Reid remained a cult figure and was elected by the students as rector of Glasgow University. His rectorial address was hailed by the New York Times, who printed it in full, as "the greatest speech since the Gettysburg Address"

"A rat race is for rats," Reid said in his speech. "We're not rats. We're human beings. Reject the insidious pressures in society that would blunt your critical faculties to all that is happening around you, that would caution silence in the face of injustice, lest you jeopardise your chances of self-promotion and self-advancement. This is how it starts and, before you know where you are, you're a fully paid-up member of the rat pack. The price is too high. It entails the loss of your dignity and human spirit. Or as Christ puts it, 'What does it profit a man if he gains the whole world and forfeits his soul?'"

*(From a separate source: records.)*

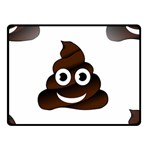 Funny Poop Emoji Double Sided Fleece Blanket (Small)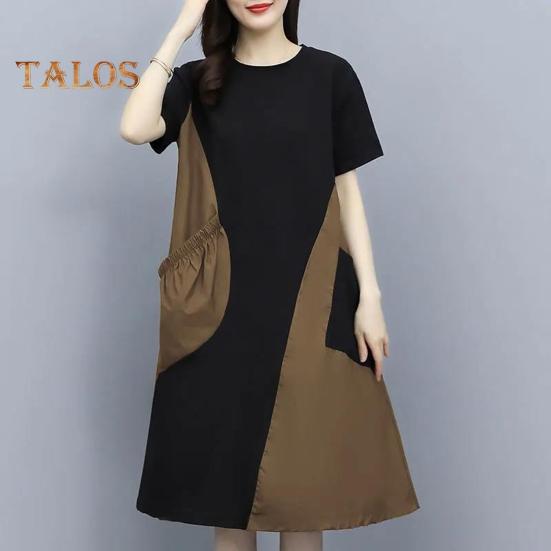 Women Midi Dress Round Neck Short Sleeve Loose Fit Summer Dress with Pockets Patchwork Color Lightweight Casual Dress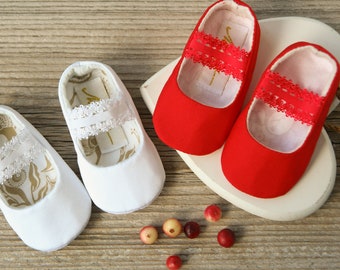 Baby Girl Ballerina Shoes, Christening Ballet Flats, Lace Strap Booties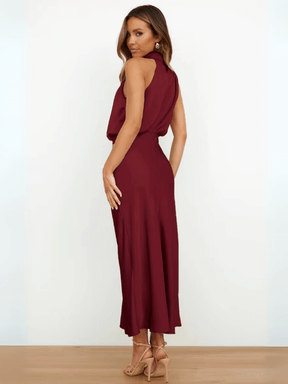 Vestido Midi Acetinado Acinturado com Gola Alta Drapeada Elegante – Rayca [FRETE FULL]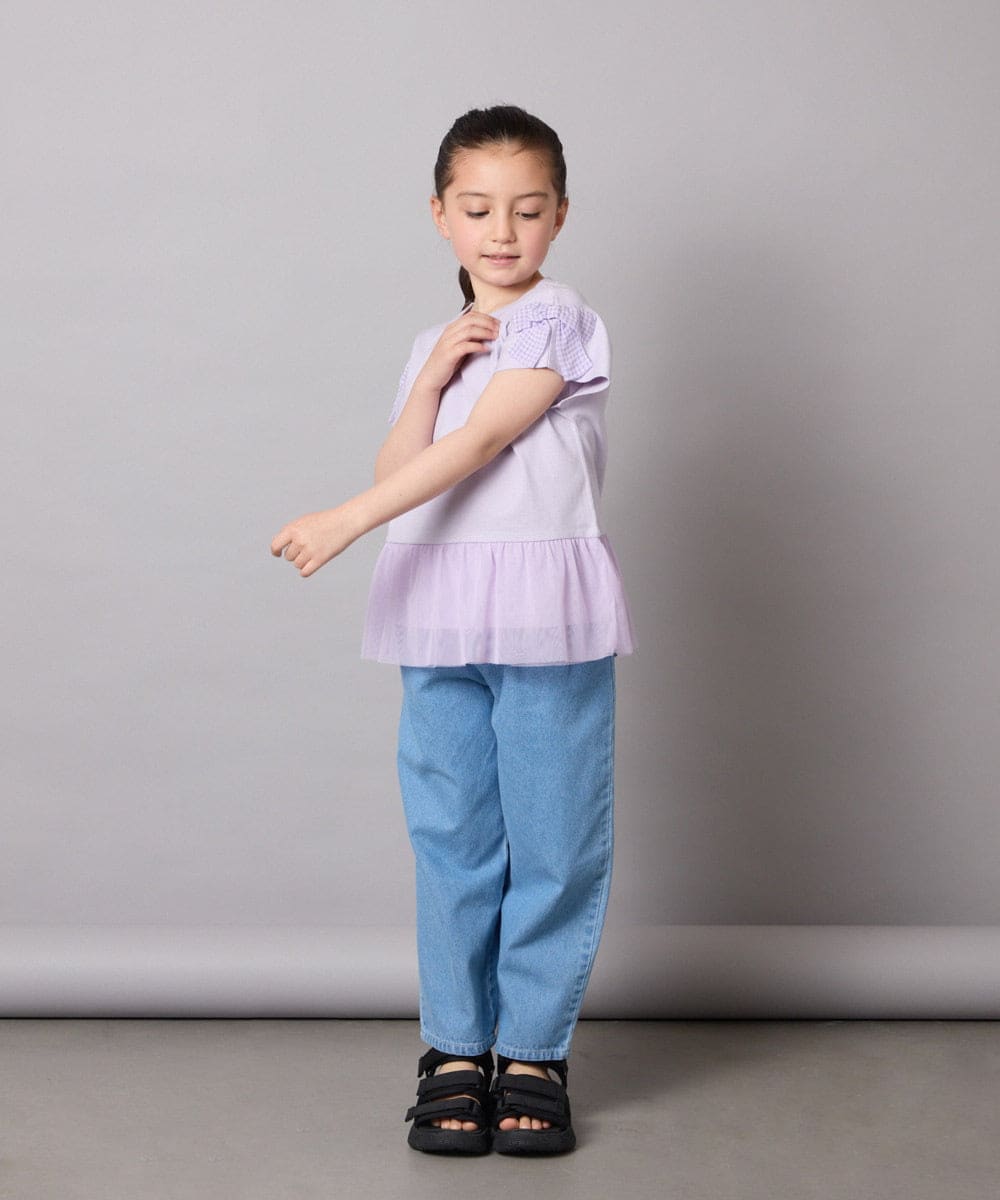 KJKFB06029 a.v.v KIDS(アー・ヴェ・ヴェ) [140]チュールドッキングリボンTシャツ ラベンダー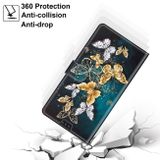 Peňaženkové kožené puzdro DRAWING na Xiaomi Redmi Note 9 - Gold Silver Flying Butterflies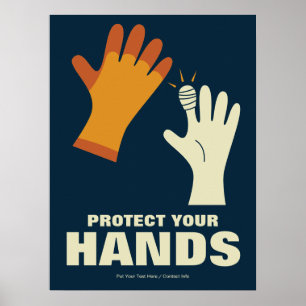 Póster Protege tus manos Seguridad laboral retro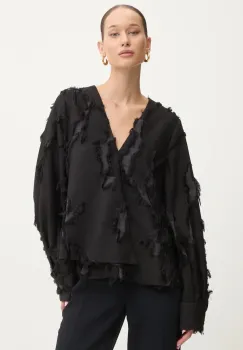 Stine Goya bluza femei, culoarea negru, cu imprimeu, T003-2253 imagine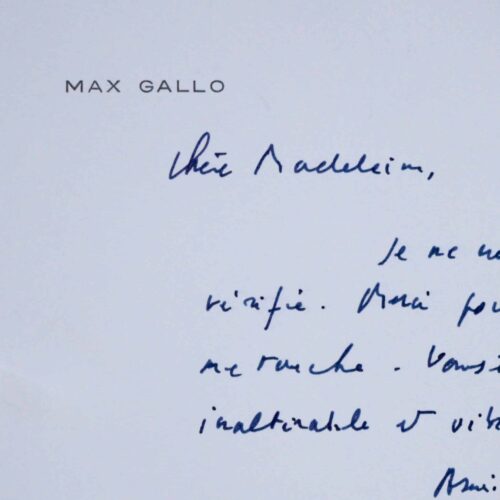 Charmant mot de Max Gallo à Madeleine Chapsal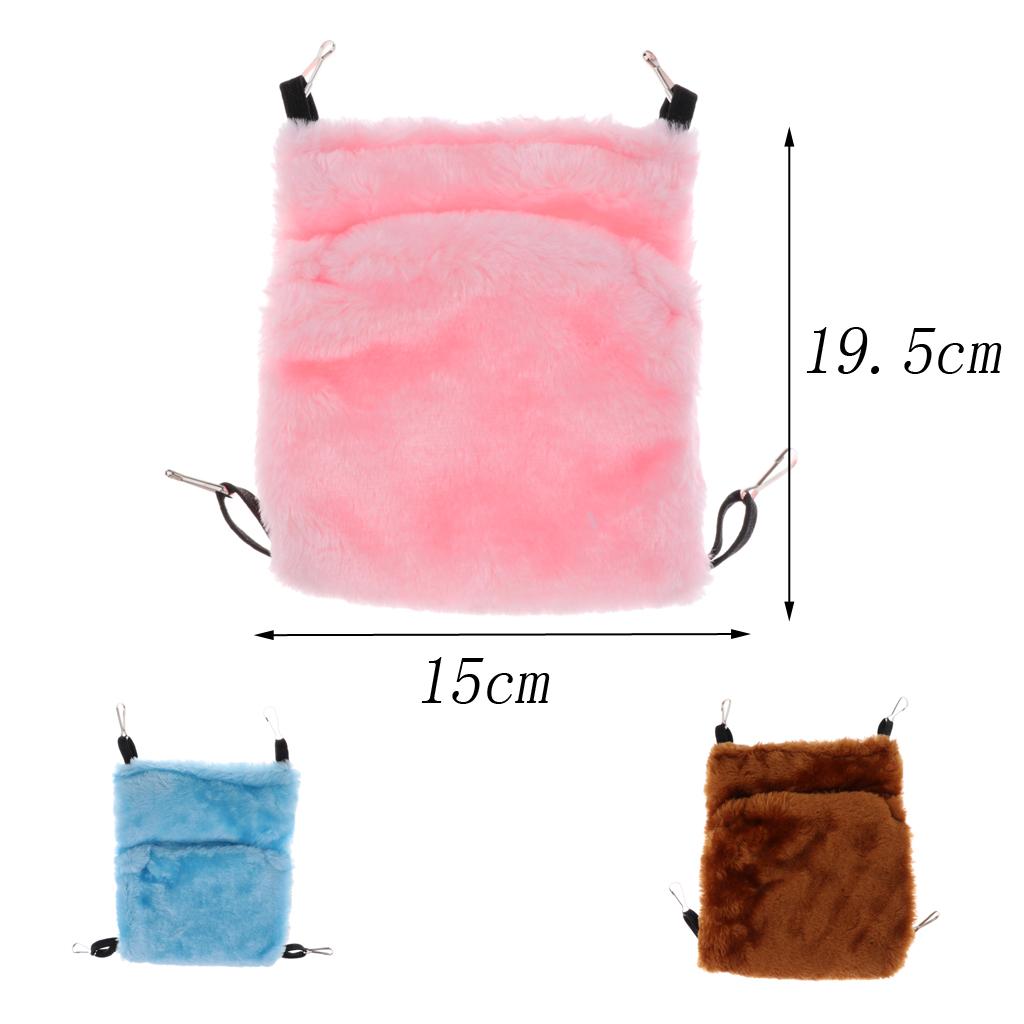 Double-deck Short Plush Hammock Swing Cage Hanging Bed for Rat, Hamster, Ferret, Rabbit , Parrot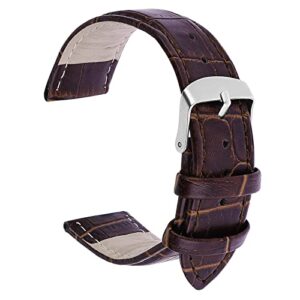 tiesome quick release leather watch bands, replacement leather watch strap for men women - 18mm 20mm 22mm (20mm, brown)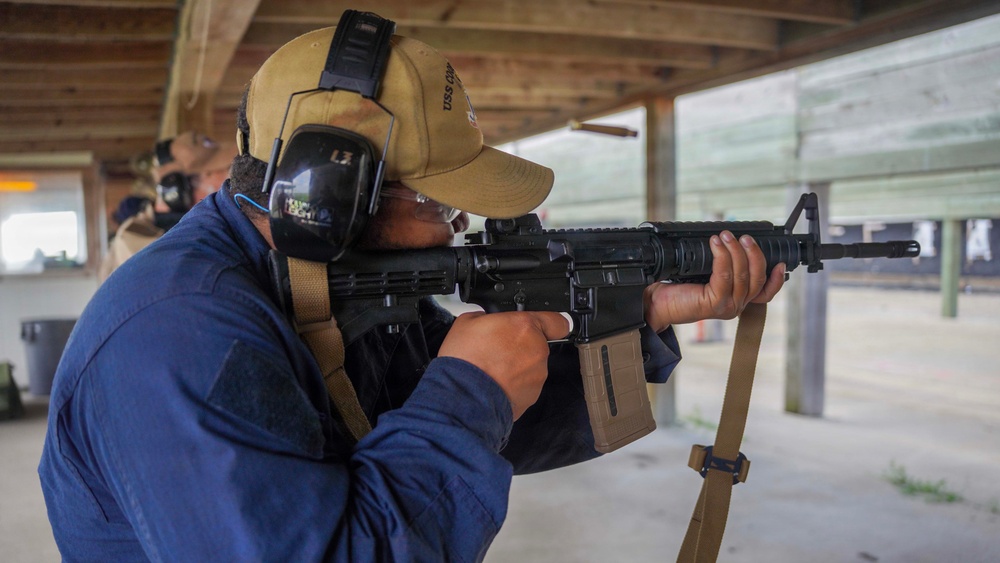 USS Cooperstown Conducts a Small-Arms Sustainment Shoot.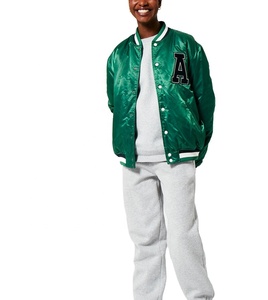 Chaqueta Varsity de Satén para Hombre, Estilo Urbano, Diseño de Béisbol, con Logotipo Bordado Personalizado, para Invierno - Product Image 3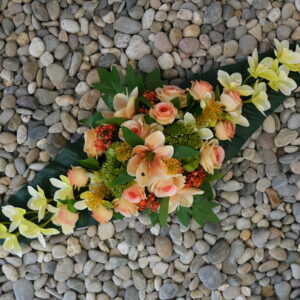 Bloemstuk zalm met orchidee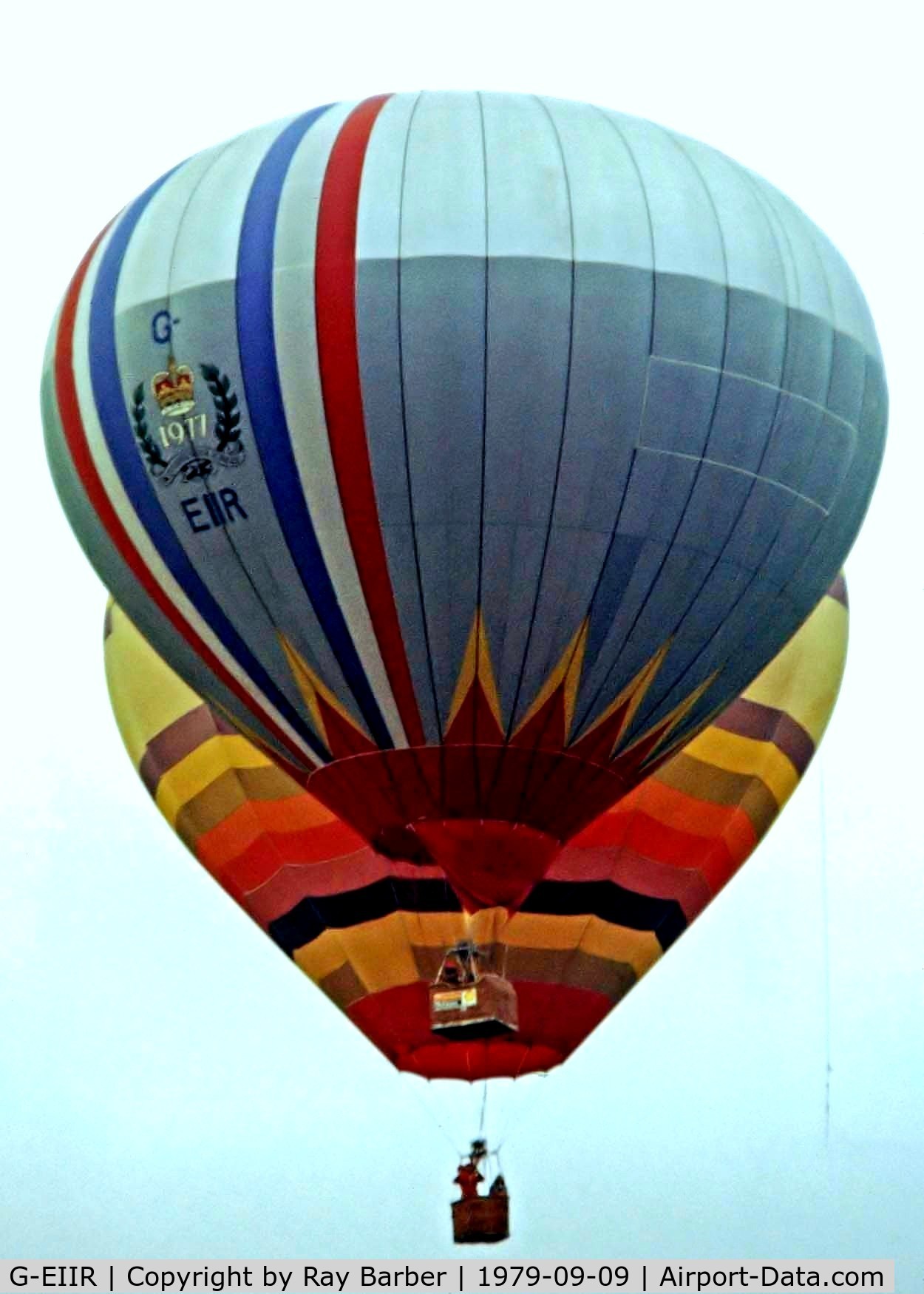 G-EIIR, 1978 Cameron Balloons N-77 C/N 358, Cameron N-77 HAFB [358] Ashton Court~G 09/09/1979. Image taken from a slide.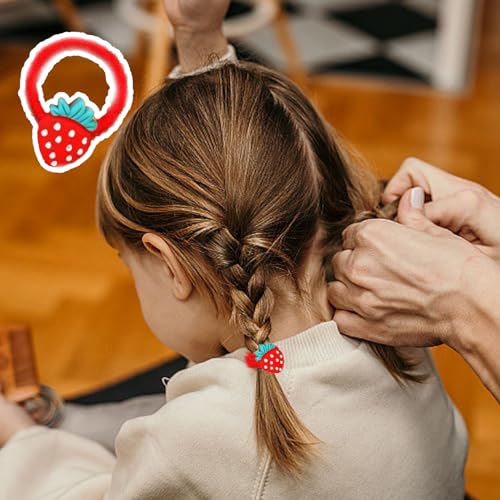 Strawberry Hair Ties 10Pcs Soft Elastic Hair Bands for Girls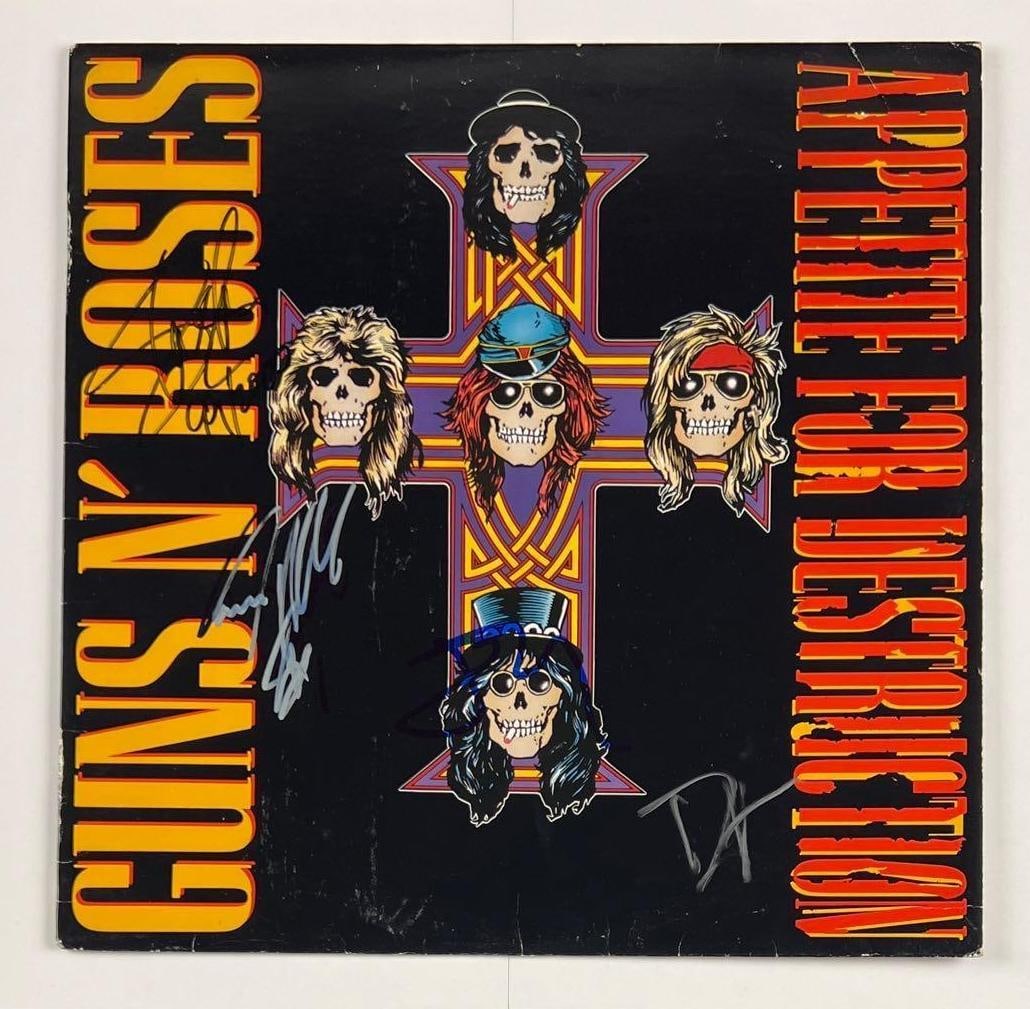 Guns N’ Roses Group Signed "Appetite for Destruction" Album (4 Sigs) (Beckett/BAS Authenticati (1 of 6)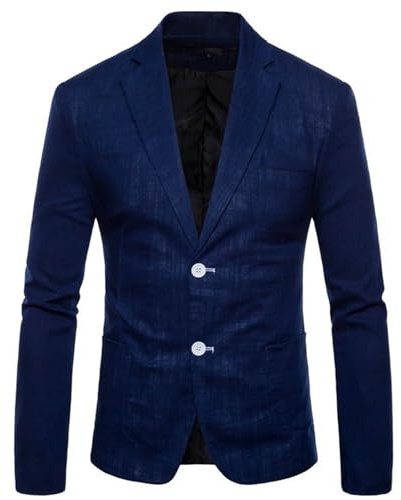 Blazer Uomo Slim Fit, Giacca Blazer Grandi Taglie Semplice Giacca Con Due Bottoni E Scollo A V Giubbotto Classico Tinta Unita Affari Stile Inglese Sakkos Matrimonio Business Sakko, Blu, L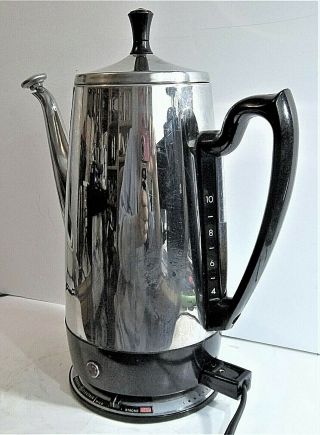 VTG GE GENERAL ELECTRIC IMMERSIBLE CHROME 10 CUP PERCOLATOR COFFEE POT A1SSP10 3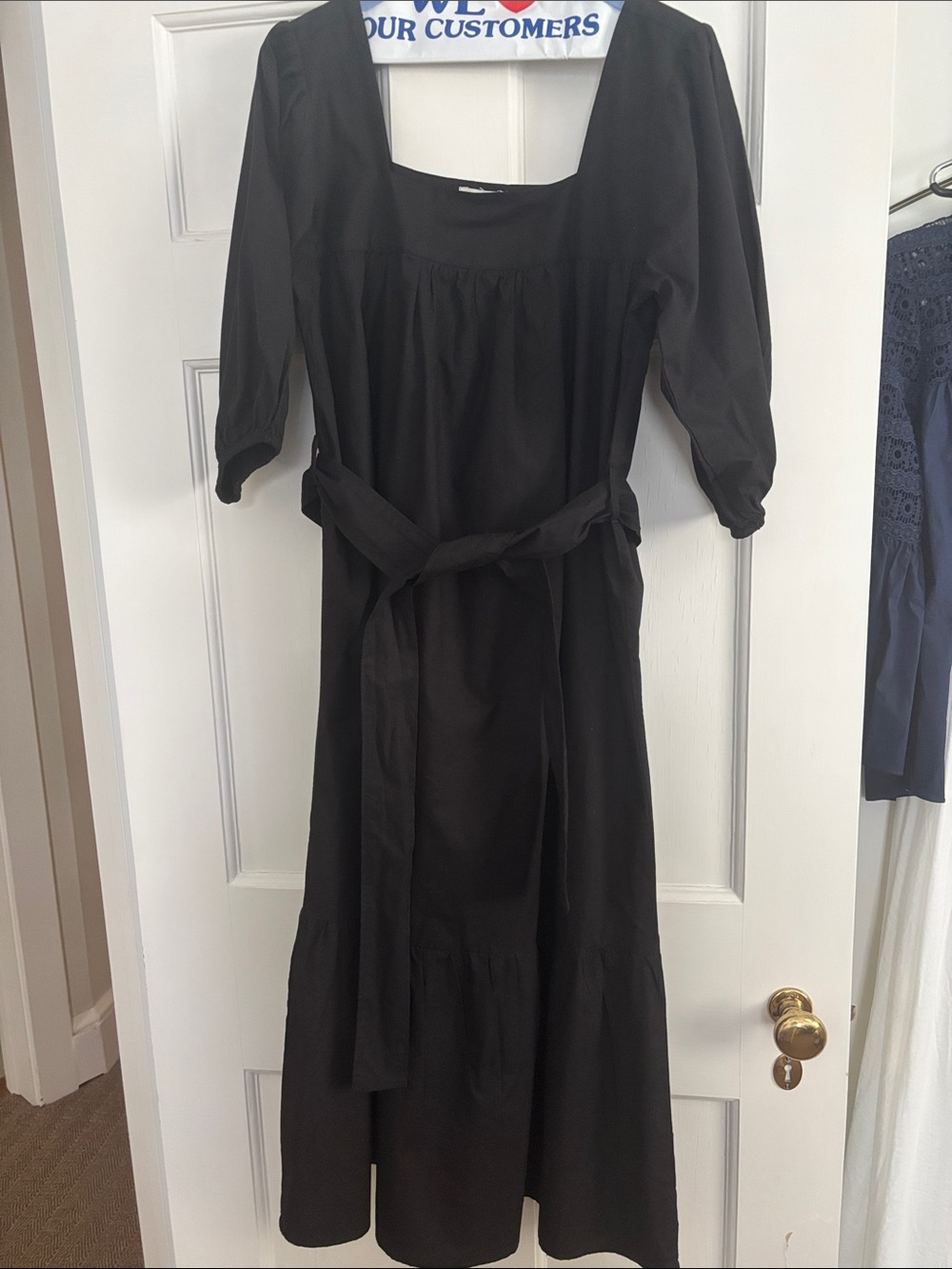 Sim& Sam Black Square-Neck Midi Dress with Tie Waist Size M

In the evening of his life Reid was a fierce opponent of the war in Iraq and warned that no good would come of military involvement in Afghanistan. It was partly on account of his exasperation with New Labour, particularly on foreign policy, that he left the Labour Party and in 2005 became a card-carrying member of the Scottish National Party. This in no way injured the friendship that many of us in the Labour Party had towards him. He was a human being enormously intelligent, and lovely in his personal relations.

Tam Dalyell

James Reid, trade union activist, politician, journalist and broadcaster: born Govan 9 July 1932; married Joan Swankie (three daughters); died Greenock 10 August 2010.